At American Prospect, Dana Goldstein does some fact-checking as well:
" Kristol: If the United States hadn't gone into Iraq, Saddam's ties to Al-Qaeda would today 'be intact or revived and even strengthened.'
" Reality: The September 11 Commission found no evidence of a 'collaborative relationship' between Al-Qaeda and Saddam Hussein's Iraq. But today, four years after the American invasion, one of the fiercest insurgent groups in Iraq, Al-Qaeda in Mesopotamia, models itself after the organization that attacked New York and Washington in 2001, yet is a whole cloth product of the war.
"Kristol spouts all this nonsense about success in Iraq in order to come to the conclusion that the United States should begin drawing down troops in 2008 (though no sooner). I agree with Brad Plumer: Saying this ill-conceived war is 'Won and Done' is more than inaccurate -- it's an invitation to make more catastrophically deadly foreign policy mistakes in the future. Iraq is Un-Won and No-Fun for anybody -- time to get out."
John McCain's communications staff quit yesterday, but Roger Simon (while landing an interview) gives the man his due:
"Although he was accused early on of pandering, in fact McCain's campaign has been much closer to political suicide than to political opportunism. He could have moved to more muted, nuanced positions on both Iraq and immigration. Other presidential candidates have managed that act. But McCain would not do it. It was, to him, a matter of principle."

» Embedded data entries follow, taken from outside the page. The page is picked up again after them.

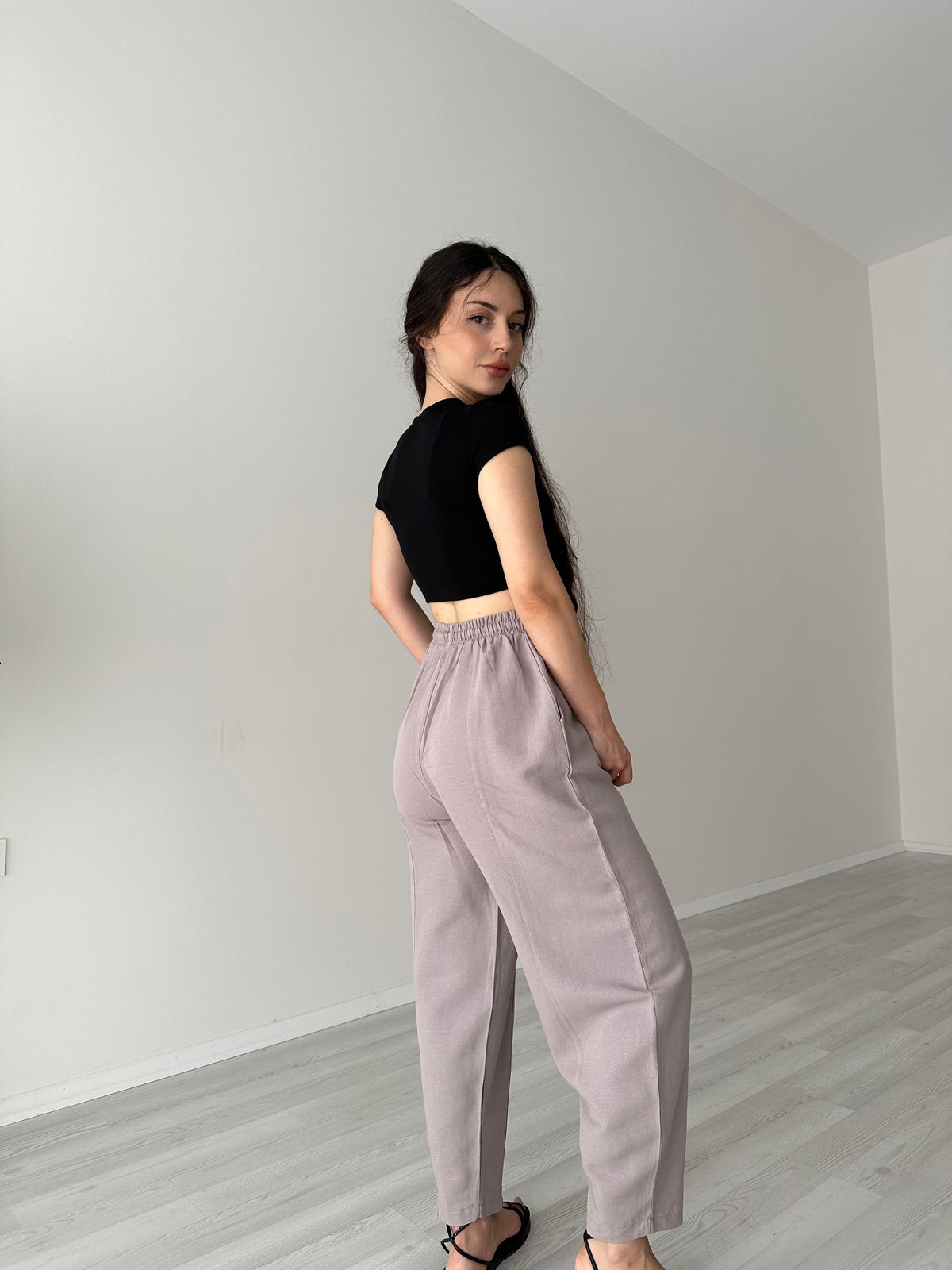 Yüksek Belli Keten Kahve Dar Paça Pantolon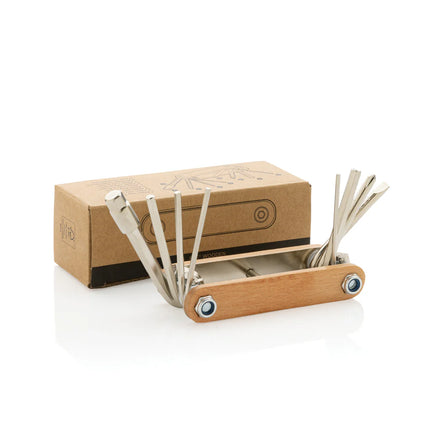  a versatile woodworking tool with a hexagonal shape and natural wood finish.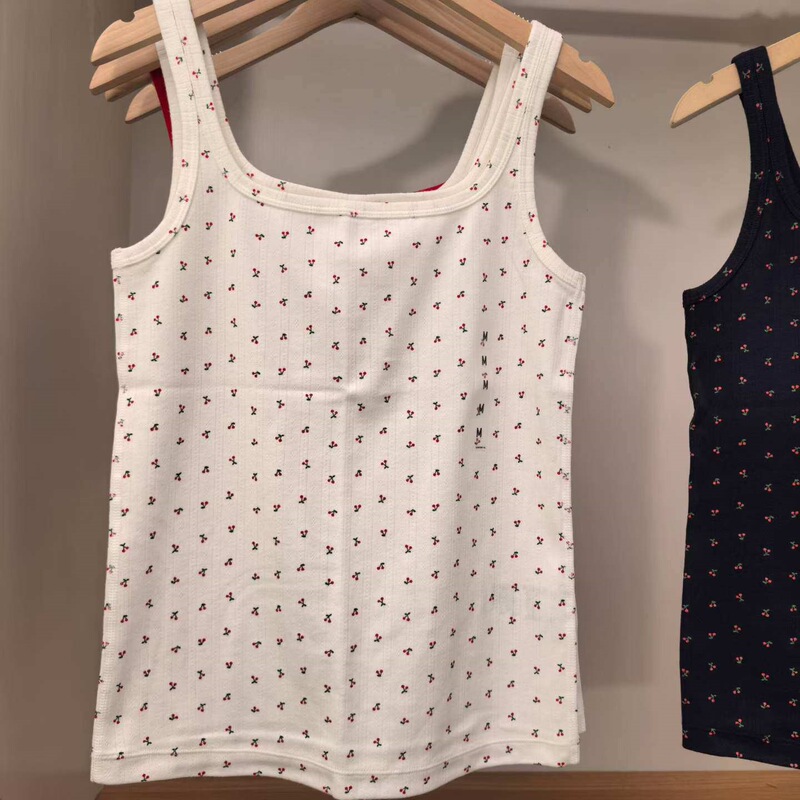 Jacquard Ribbed Printed Camisole Sleeveless Vest Inner Layer for Spring and Summer New Style 484228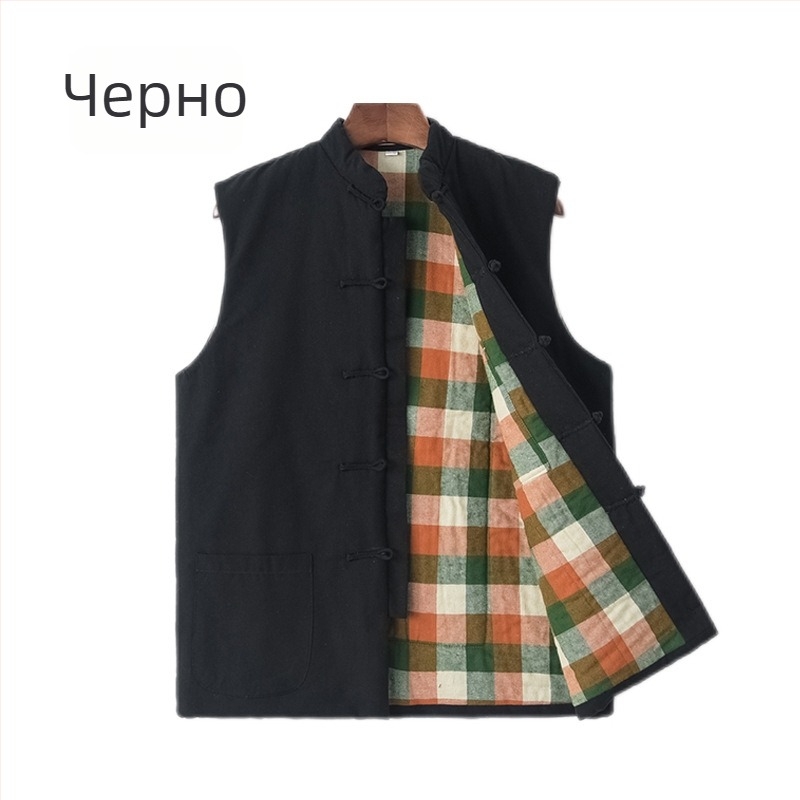 Памучен подплатен елек, китайски стил, свободен крой, удебелен памучен пълнител, памучна основна материя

I opined yesterday about Mirthala Salinas, who remains on paid suspension from Telemundo over her previously secret affair with L.A. Mayor Antonio Villaraigosa. LAT columnist Gregory Rodriguez is irked by the coverage:
"Last week, I got a phone call from a television news producer who asked me what Mayor Antonio Villaraigosa's extramarital affair revealed about the nature of Latino political leadership. I told her I'd agree to be interviewed on air only if we could explore what Bill Clinton's dalliances said about white people or Jesse Jackson's fling with an aide told us about black activists. Dumbfounded, she asked if I could refer her to someone else . . .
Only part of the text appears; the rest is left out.